-- Supplied material follows --
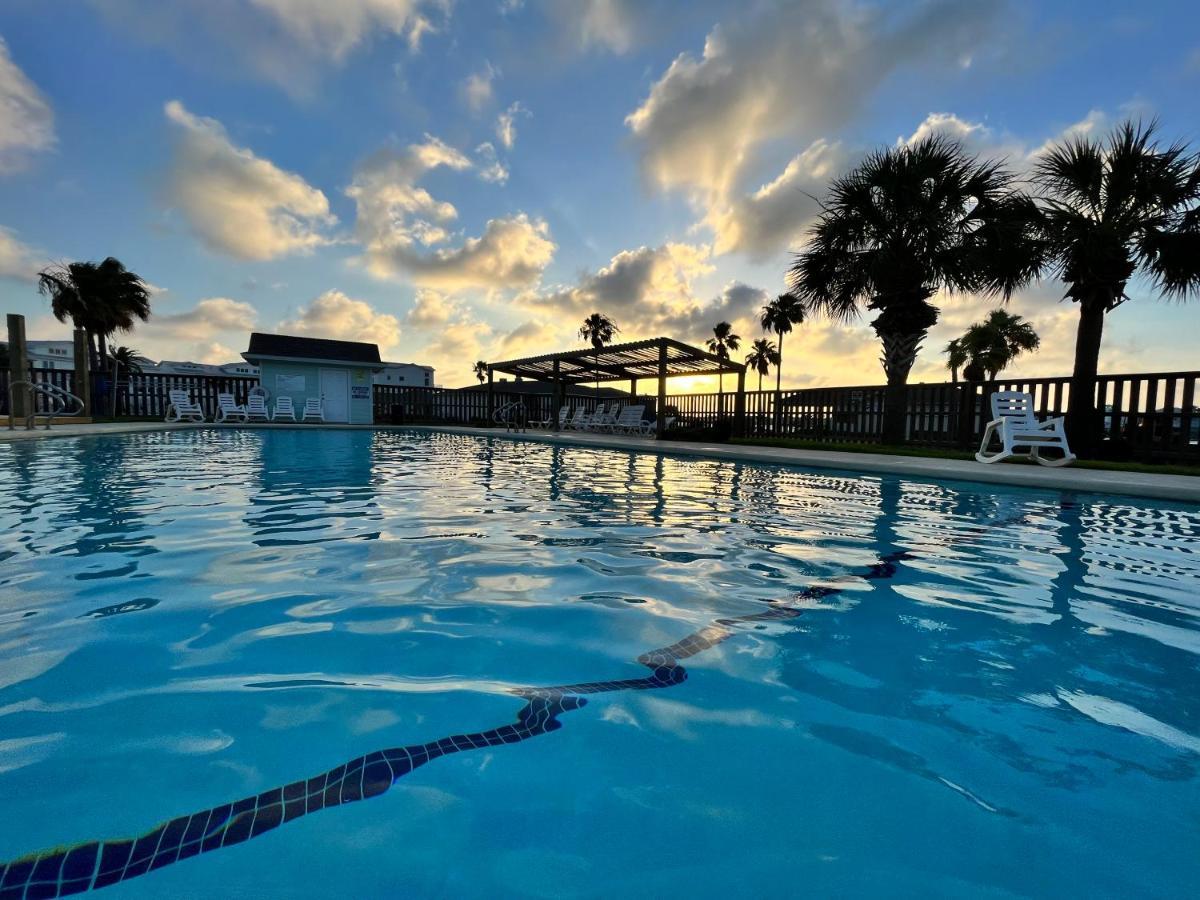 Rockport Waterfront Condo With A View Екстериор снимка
-- Supplied material concluded --
-- Supplied material follows --
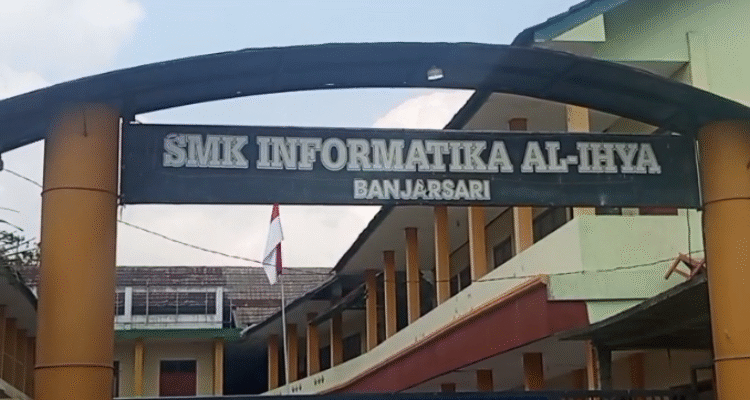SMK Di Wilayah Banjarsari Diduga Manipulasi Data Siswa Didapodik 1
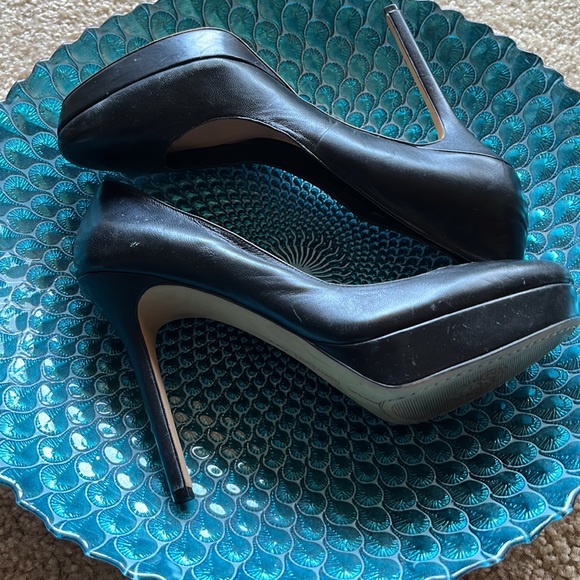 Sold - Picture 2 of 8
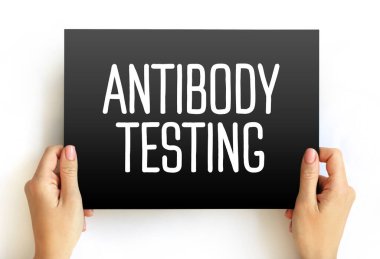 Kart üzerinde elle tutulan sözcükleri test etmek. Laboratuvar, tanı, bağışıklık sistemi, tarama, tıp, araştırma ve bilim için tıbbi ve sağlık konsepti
-- Supplied material concluded --
▶ To do
Write out, word for word, the stretch of entries that begins at the line with "SMK Di Wilayah" and ends at the line with "Kart üzerinde elle". Pictures do not belong in it.

▶ Expected answer
SMK Di Wilayah Banjarsari Diduga Manipulasi Data Siswa Didapodik 1
 Sold - Picture 2 of 8
 Kart üzerinde elle tutulan sözcükleri test etmek. Laboratuvar, tanı, bağışıklık sistemi, tarama, tıp, araştırma ve bilim için tıbbi ve sağlık konsepti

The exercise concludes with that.